Roasted Balsamic Kale and Sweet Potatoes

A few cool evenings may be indicating a change of seasons. It is finally comfortable enough to warm up the oven for a few new recipes. Kale is a super food and the vitamin K won’t be affected if you bake it. Adding in the anti-oxidant rich sweet potato makes a delicious fall salad packed with nutrients.

Roasted Balsamic Kale and Sweet Potatoes

  • Servings: 4-6
  • Difficulty: easy
  • Print

Nutritional and delicious warm salad that is quick and easy.

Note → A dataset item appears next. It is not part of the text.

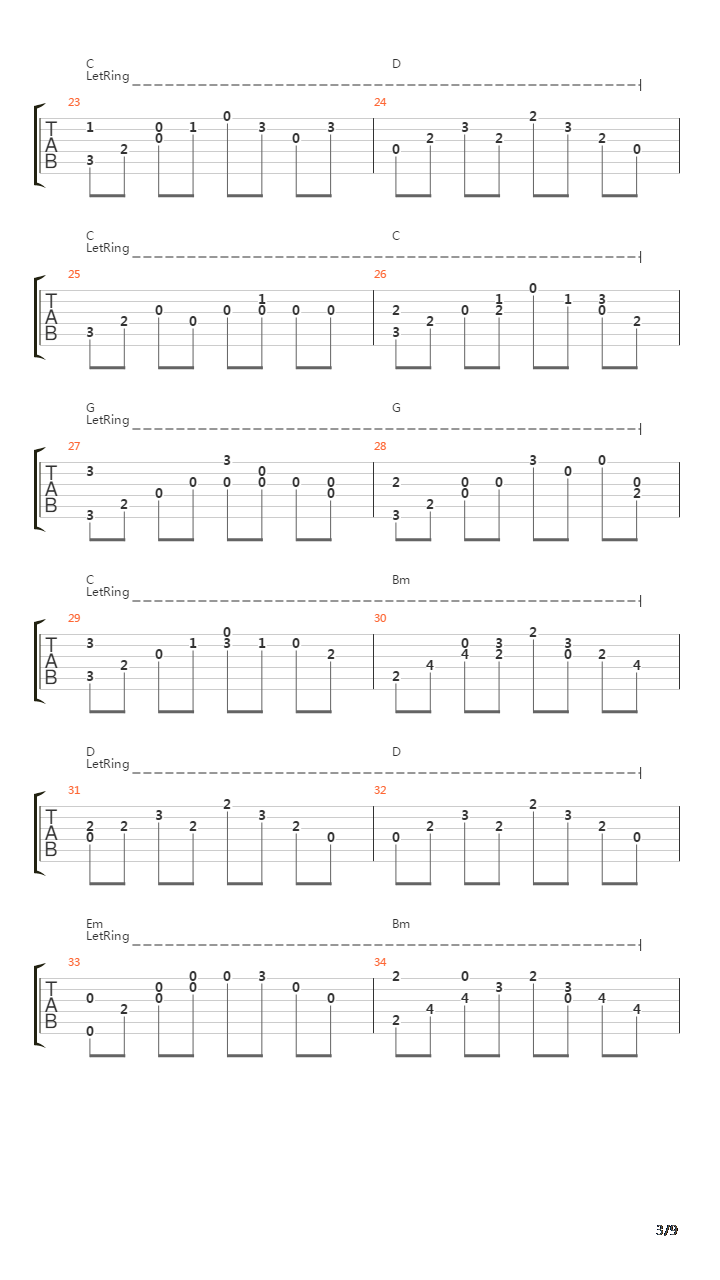 心跳吉他谱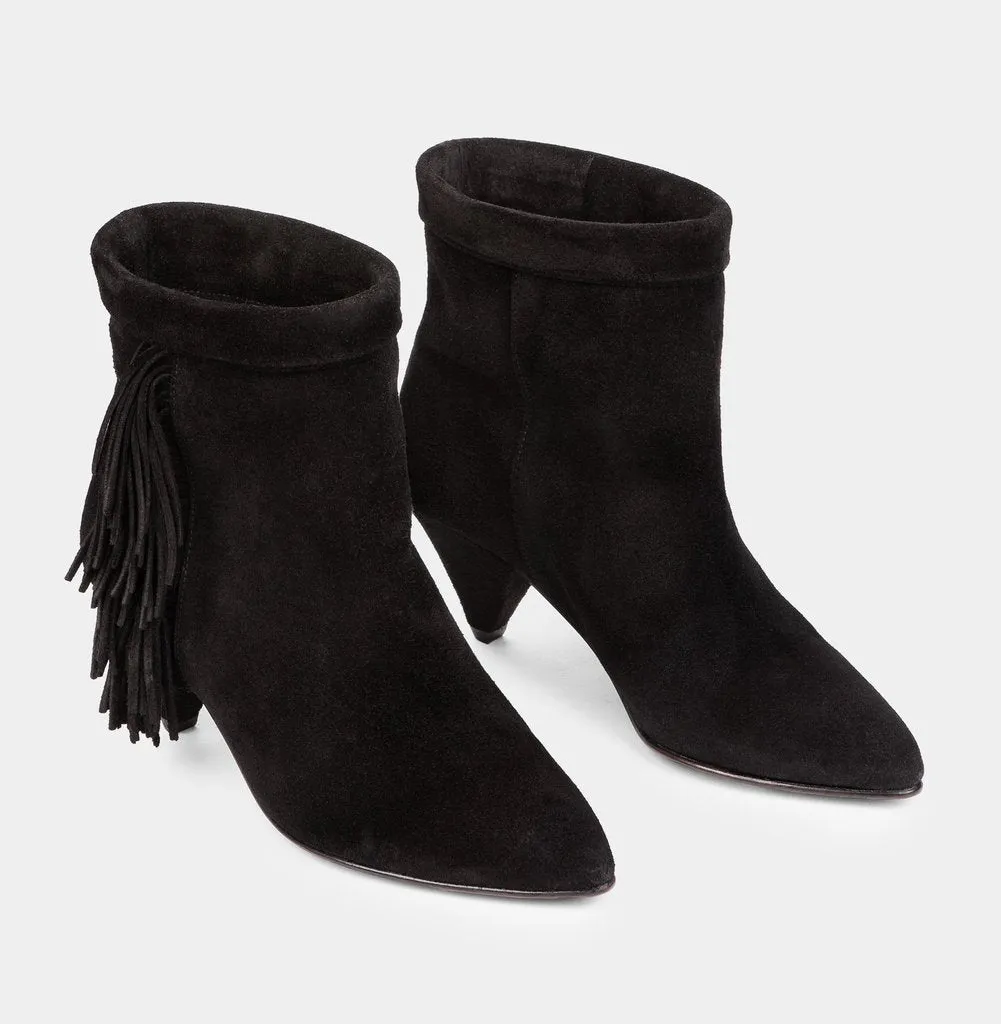 Mimi Suede Black Boots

  • 4-5 washed, peeled and cubed sweet potatoes
  • 1 bundle of rinsed, dried and de-stemmed kale
  • 1 chopped shallot
  • 4 crushed garlic cloves
  • ½ lemon, juiced
  • ¼ c. balsamic vinegar
  • ¼ c. olive oil
  • salt, pepper, thyme


pre-heat oven to 350°
  1. Make a kale leave rub from the balsamic vinegar, oil,  and lemon in a small bowl.
  2. Rub the kale leaves, and then add the sweet potatoes and place in 2 shallow baking pans.
  3. Add the shallot, garlic, seasonings and hand toss to coat everything.
  4. Place the pans in the middle of the oven to prevent the kale from burning.
  5. After 10 minutes at 350°, flip everything over with a spatula and lower the heat to 325°.
  6. Roast another 25 minutes, tossing occasionally until the sweet potatoes are soft.
  7. Top with toasted pepitas and Dairy-free Sour Cream.